The artful dodger! What an excellent outlet for sinners! Let slave-owners
rejoice! Let a fiendish glee run round and round through hell! Dr. Chalmers,
the eloquent Scotch divine, has, by long study and deep research, found that .
. . while slavery be a heinous sin, the slave-owner may be a good Christian,
the representative of the blessed Saviour on earth, an heir of heaven and
eternal glory, for such is what is implied by Christian fellowship.[70]
In
addition, Douglass never hesitated to challenge the Free Kirk over its use of
the word Free Church while collecting the fruit of slavery. During his entire
tour of both Scotland and England Douglass continually pressed against the hypocrisy of churches who tolerated slavery using the language and imagery of
Scripture.
The Free Church met for their 1946 General Assembly
in May at Cannon Mills in Edinburgh and slavery was on the top of the list of topics
for the Free Church due to memorials received from the Glasgow Emancipation
Society and the British and Foreign Anti-Slavery Society as well as a
remonstrance from the Edinburgh Ladies Emancipation Society. By the time of the
Assembly, the leadership cooled the question of American slavery and never
seriously considered calls for returning money back to Southern churches. Rev.James Macbeth argued differently. He reasoned since previous efforts with the
American Church was fruitless, Macbeth proposed,
This
Assembly hearby resolves that this church cannot admit to its pulpits, or to
the communion table, any individual in the United States by whom slavery is
practiced, nor can receive deputations from any church which does not visit
slave-holding members with excommunication; and this resolution this church
adopts in the spirit of love towards the churches that are implicated in this
sin.[71]
But Macbeth never received a second on his motion,
Dr. Candlish responded negatively and maintained that “no one is disposed to
second the motion by Mr. Macbeth.” Dr. Cunningham concluded with a lengthy
exposition by making a distinction between the sin of slavery and the
individual born into a system of slavery. Further Cunningham strongly rejected
the charge of heresy leveled against the Southern churches saying, “You cannot convict
them of any heresy in regard to their abstract opinions respecting slavery . .

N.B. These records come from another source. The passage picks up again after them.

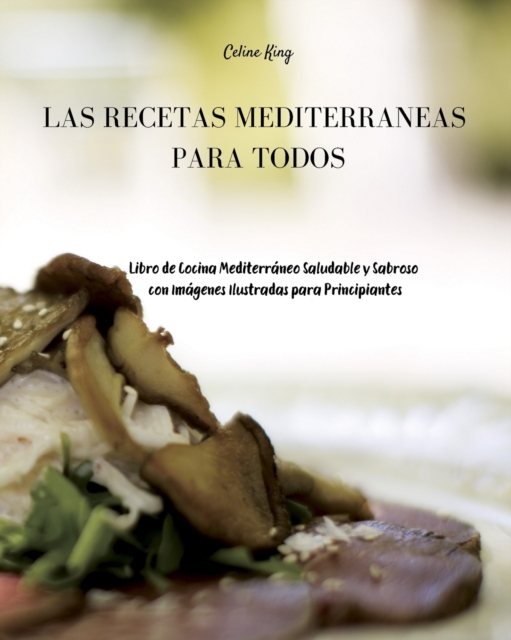 Las Recetas Mediterraneas para Todos : Libro de Cocina Mediterraneo Saludable y Sabroso con Imagenes Ilustradas para Principiantes, Paperback / softback Book
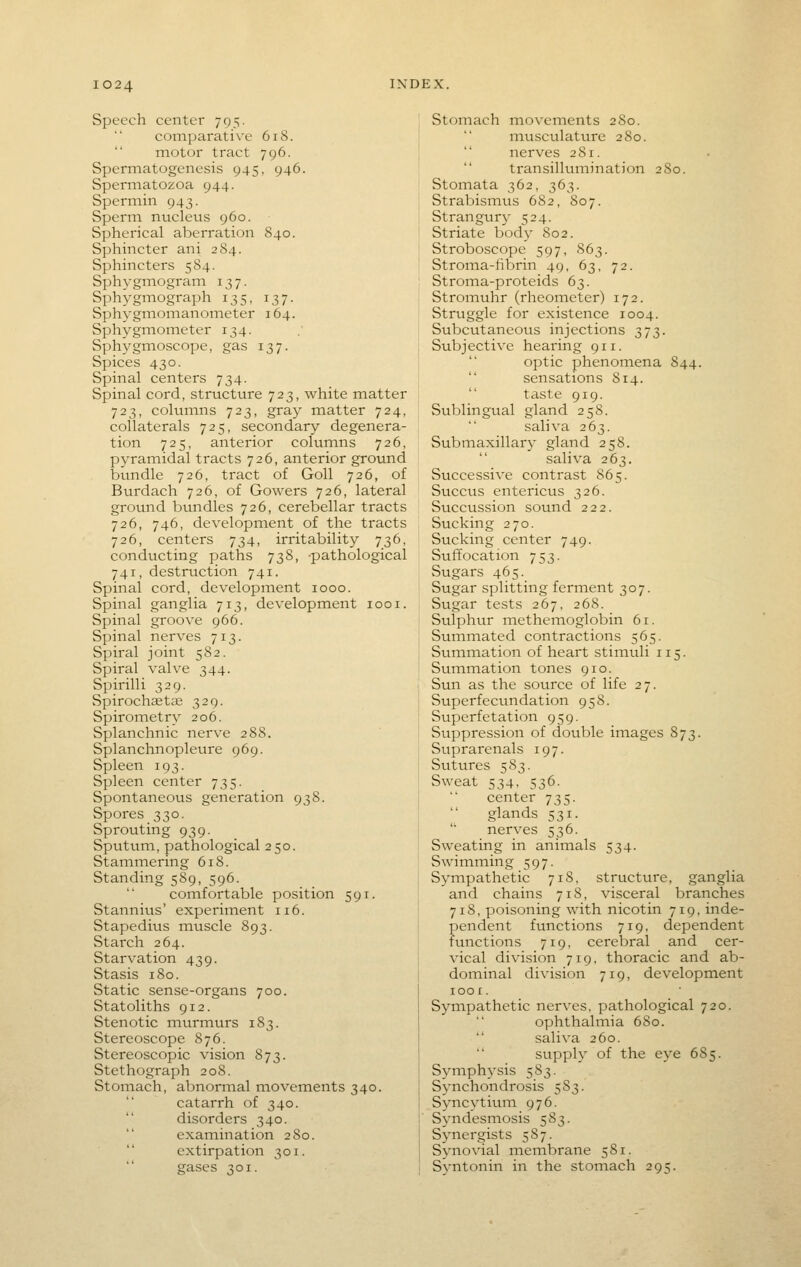 Speech center 795. comparative 618. motor tract 796. Spermatogenesis 945, 946. Spermatozoa 944. Spermin 943. Sperm nucleus 960. Spherical aberration 840. Sphincter ani 2 84. Sphincters 5 84. Sphygmogram 137. Sphygmograph 135, 137. Sphygmomanometer 164. Sphygmometer 134. Sphygmoscope, gas 137. Spices 430. Spinal centers 734. Spinal cord, structure 723, white matter 723, columns 723, gray matter 724, collaterals 725, secondary degenera- tion 725, anterior columns 726, pyramidal tracts 726, anterior ground bundle 726, tract of Goll 726, of Burdach 726, of Gowers 726, lateral ground btmdles 726, cerebellar tracts 726, 746, development of the tracts 726, centers 734, irritability 736, conducting paths 738, -pathological 741, destruction 741. Spinal cord, developinent 1000. Spinal ganglia 713, development looi. Spinal groove 966. Spinal nerves 713. Spiral joint 582. Spiral valve 344. Spirilli 329. Spirochaetae 329. Spirometry 206. Splanchnic nerve 288. Splanchnopleure 969. Spleen 193. Spleen center 735. Spontaneous generation 938. Spores 330. Sprouting 939. Sputum, pathological 250. Stammering 618. Standing 589, 596. comfortable position 591. Stannius' experiment 116. Stapedius muscle 893. Starch 264. Starvation 439. Stasis 180. Static sense-organs 700. Statoliths 912. Stenotic murmurs 183. Stereoscope 876. Stereoscopic vision 873. Stethograph 208. Stomach, abnormal movements 340. catarrh of 340.  disorders 340. examination 280. extirpation 301. gases ^01. Stomach movements 280. musculature 280. nerves 281.  transilluinination 2So. Stomata 362, 363. Strabismus 682, 807. Strangur}- 524. Striate body 802. Stroboscope 597, 863. Stroina-tibrin 49, 63, 72. Stroma-proteids 63. Stromuhr (rheometer) 172. Struggle for existence 1004. Subcutaneous injections 373. Subjective hearing 911. optic phenomena 844. sensations 814.  taste 919. Sublingual gland 258. saliva 263. Submaxillary gland 258. saliva 263. Successive contrast 865. Succus entericus 326. Succussion sound 222. Sucking 270. Sucking center 749. Suffocation 753. Sugars 465. Sugar splitting ferment 307. Sugar tests 267, 26S. Sulphur methemoglobin 61. Summated contractions 565. Sumination of heart stimuli 115. Summation tones 910. Sun as the source of life 27. Superfecundation 958. Superfetation 959. Suppression of double images 873. Suprarenals 197. Sutures 583. Sweat 534. 536- center 735. glands 531.  nerves 536. Sweating in animals 534. Swimming 597. Sympathetic 718, structure, ganglia and chains 718, visceral branches 718, poisoning with nicotin 719, inde- pendent functions 719, dependent functions 719, cerebral and cer- vical division 719, thoracic and ab- dominal division 719, development lOOX. Sympathetic nerves, pathological 720. ophthahnia 680. saliva 260. supply of the eye 685. Symphysis 583. Synchondrosis 583. Syncytium 976. Syndesmosis 583. Synergists 587. Synovial membrane 581. Syntonin in the stomach 295.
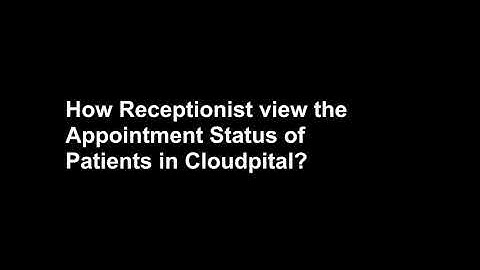 How Receptionist view the Appointment Status of Patients in Cloudpital
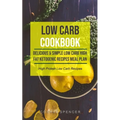 Low Carb Cookbook: Delicious & Simple Low Carb High Fat Ketogenic Recipes Meal Plan (High Protein Low Carb Recipes) - Paperback
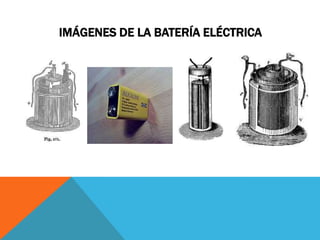 IMÁGENES DE LA BATERÍA ELÉCTRICA
 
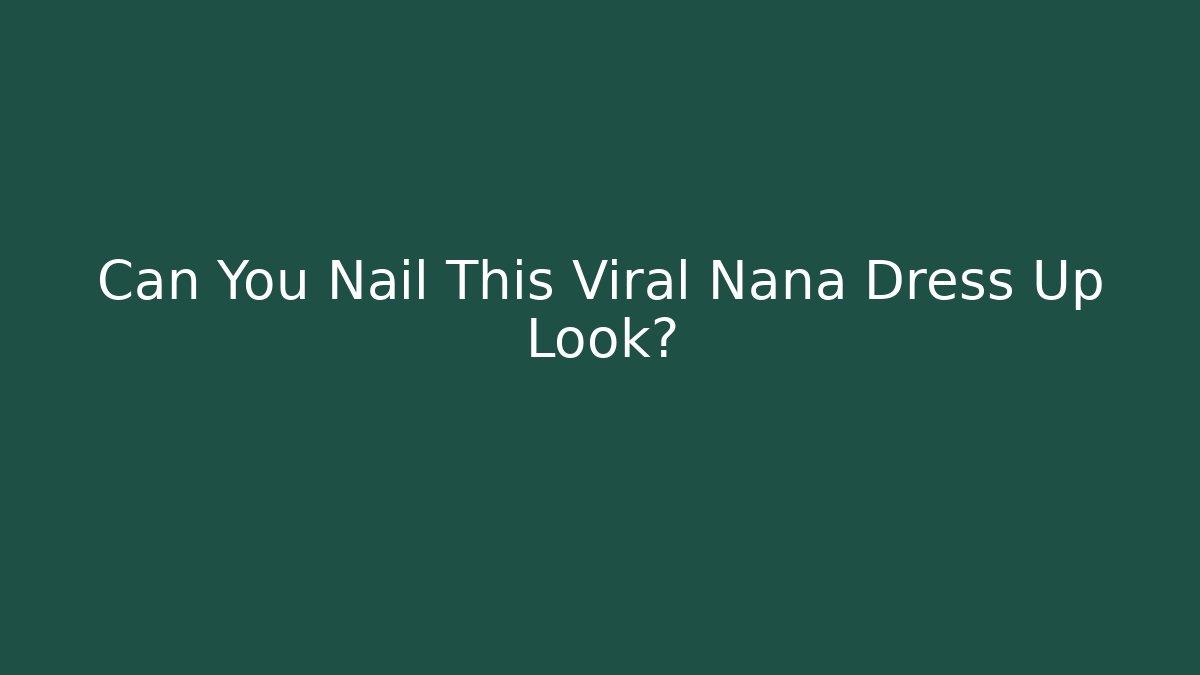 Can You Nail This Viral Nana Dress Up Look?
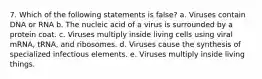 7. Which of the following statements is false? a. Viruses contain DNA or RNA b. The nucleic acid of a virus is surrounded by a protein coat. c. Viruses multiply inside living cells using viral mRNA, tRNA, and ribosomes. d. Viruses cause the synthesis of specialized infectious elements. e. Viruses multiply inside living things.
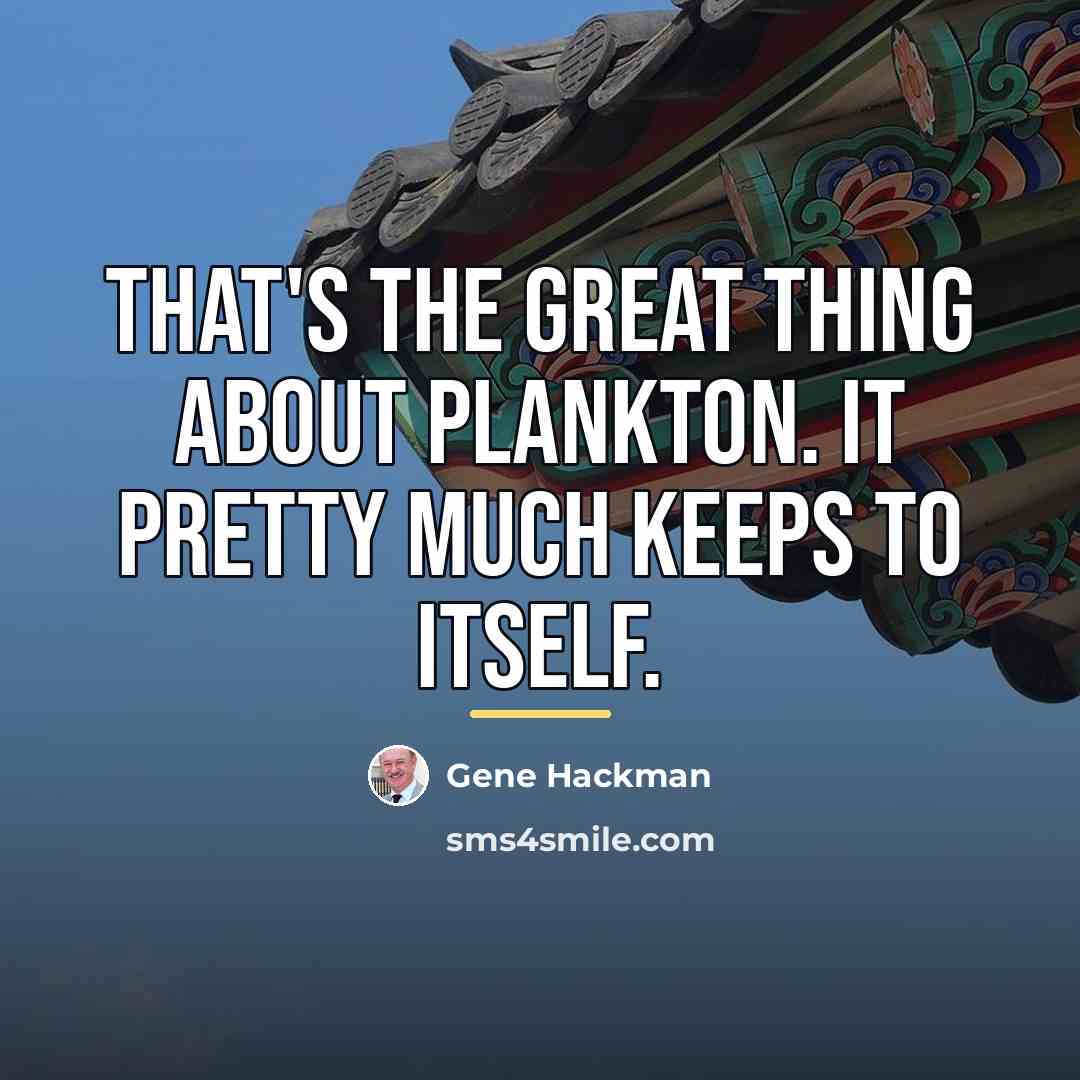 “That's the great thing about plankton. It pretty much keeps…” quote by Gene Hackman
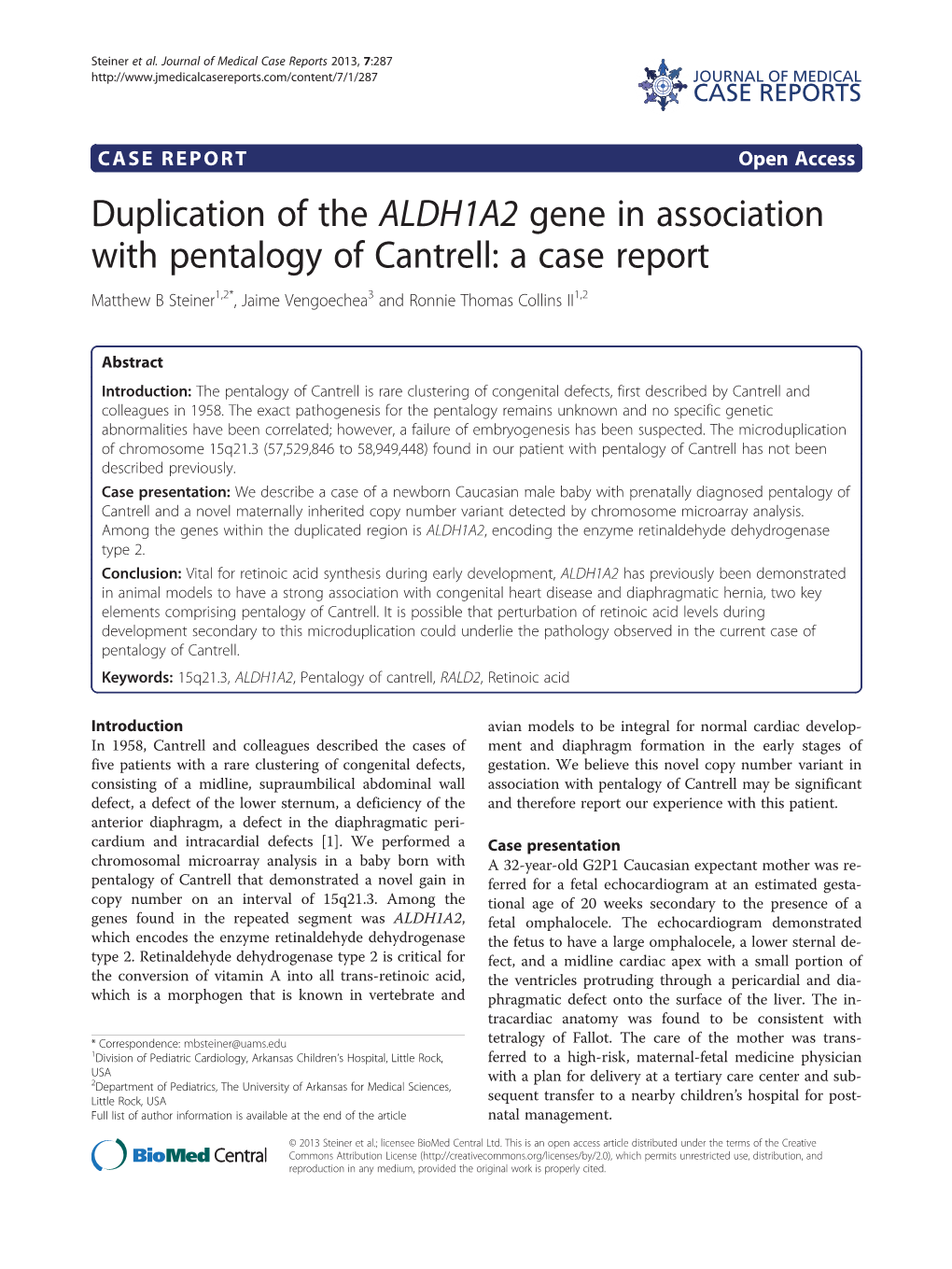 Duplication of the ALDH1A2 Gene in Association with Pentalogy of Cantrell: a Case Report Matthew B Steiner1,2*, Jaime Vengoechea3 and Ronnie Thomas Collins II1,2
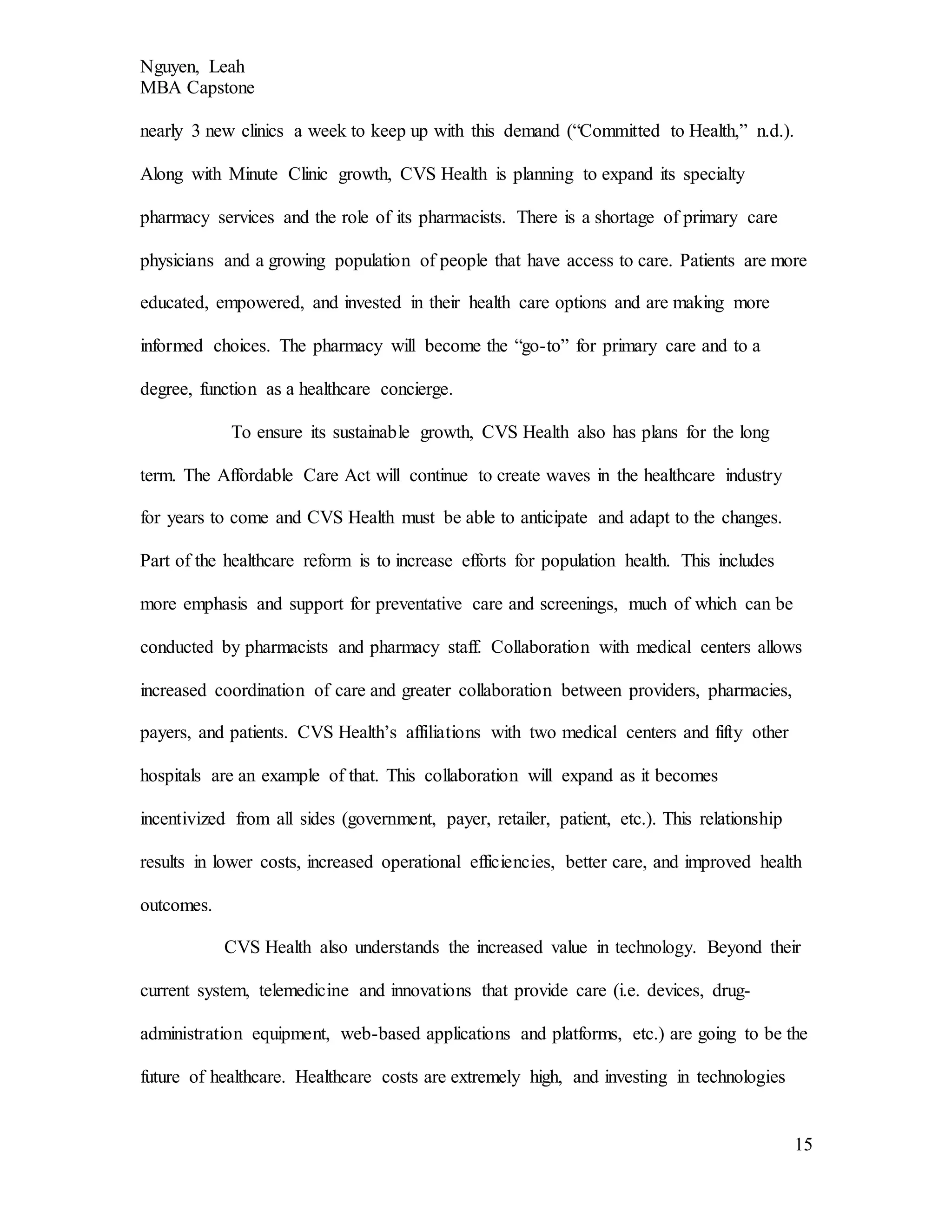 Nguyen, Leah
MBA Capstone
15
nearly 3 new clinics a week to keep up with this demand (“Committed to Health,” n.d.).
Along with Minute Clinic growth, CVS Health is planning to expand its specialty
pharmacy services and the role of its pharmacists. There is a shortage of primary care
physicians and a growing population of people that have access to care. Patients are more
educated, empowered, and invested in their health care options and are making more
informed choices. The pharmacy will become the “go-to” for primary care and to a
degree, function as a healthcare concierge.
To ensure its sustainable growth, CVS Health also has plans for the long
term. The Affordable Care Act will continue to create waves in the healthcare industry
for years to come and CVS Health must be able to anticipate and adapt to the changes.
Part of the healthcare reform is to increase efforts for population health. This includes
more emphasis and support for preventative care and screenings, much of which can be
conducted by pharmacists and pharmacy staff. Collaboration with medical centers allows
increased coordination of care and greater collaboration between providers, pharmacies,
payers, and patients. CVS Health’s affiliations with two medical centers and fifty other
hospitals are an example of that. This collaboration will expand as it becomes
incentivized from all sides (government, payer, retailer, patient, etc.). This relationship
results in lower costs, increased operational efficiencies, better care, and improved health
outcomes.
CVS Health also understands the increased value in technology. Beyond their
current system, telemedicine and innovations that provide care (i.e. devices, drug-
administration equipment, web-based applications and platforms, etc.) are going to be the
future of healthcare. Healthcare costs are extremely high, and investing in technologies
 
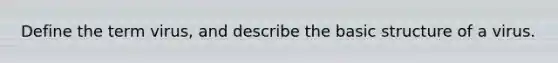 Define the term virus, and describe the basic structure of a virus.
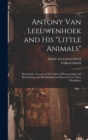 Antony van Leeuwenhoek and his "Little Animals"; Being Some Account of the Father of Protozoology and Bacteriology and his Multifarious Discoveries in These Disciplines - Book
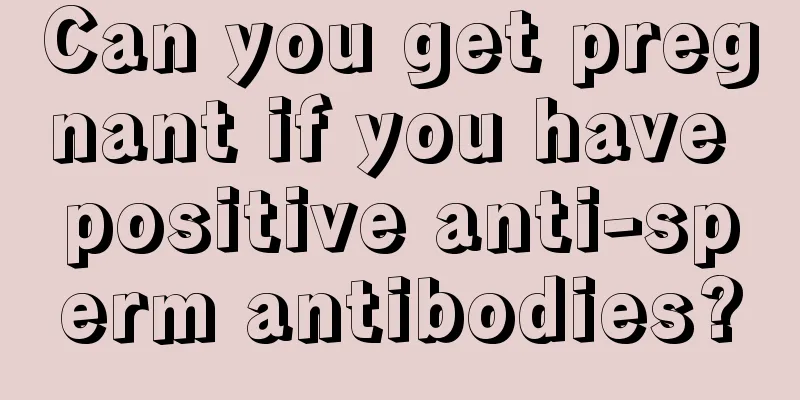 Can you get pregnant if you have positive anti-sperm antibodies?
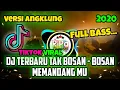 Lagu DJ Viral Tiktok 2020 Tak Bosan Memandangmu Versi Angklung Full Bass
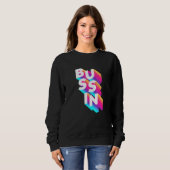 Bussin Viral Meme Slang Relating Sweatshirt (Vorne ganz)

. you can only say there is much that is erroneous and defective in their
impressions and mode of action”[72]
Cunningham reasoned any attempt to cut off ties between the Free Church and the
American Church over slavery was the path of radical abolitionism which he
completely rejected.
Dr. William Cunningham from Wikipedia |
Douglass observed all the proceedings personally and
sat at a distance to witness the debate. Douglass saw first-hand the excitement
of the campaigns as he said the Send Back the Money slogan covered the city.
Like many abolitionists, he viewed the decisions by the Free Church at the General
Assembly a sinful equivocation and compromise with slavery that the Free Church
acknowledged as evil and sinful. Douglass believed the Church lost an
opportunity to proclaim justice and demonstrate repentance. He summarized,
The
deed was done, however; the pillars of the church—the proud, Free Church of
Scotland—were committed and the humility of repentance was absent. The Free
Church held on to the blood-stained money, and continued to justify itself in
its position—and of course to apologize for slavery—and does so till this day.
She lost a glorious opportunity for giving her voice, her vote, and her example
to the cause of humanity; and to-day she is staggering under the curse of the
enslaved, whose blood is in her skirts. The people of Scotland are, to this
day, deeply grieved at the course pursued by the Free Church, and would hail,
as a relief from a deep and blighting shame, the "sending back the
money" to the slaveholders from whom it was gathered.[73]
Douglass
took full advantage of the controversy over contributions from slave owners and
the ensuing campaign to publicize the plight of slaves in America. He believed
his meetings in Scotland were successful and that the campaign with the Free
Church allowed him a platform to open the eyes of the Scottish people to
slavery. While the goal of persuading the Free Church to send the money back to
Southern churches, the role of Douglass in the debate brought him to the
forefront of the issue and revitalized Scottish abolitionists societies.
Douglass left Scotland knowing that he accomplished changes,
One
good result followed the conduct of the Free Church; it furnished an occasion
for making the people of Scotland thoroughly acquainted with the character of
slavery, and for arraying against the system the moral and religious sentiment
of that country. Therefore, while we did not succeed in accomplishing the
specific object of our mission, namely—procure the sending back of the money—we
were amply justified by the good which really did result from our labors.[74]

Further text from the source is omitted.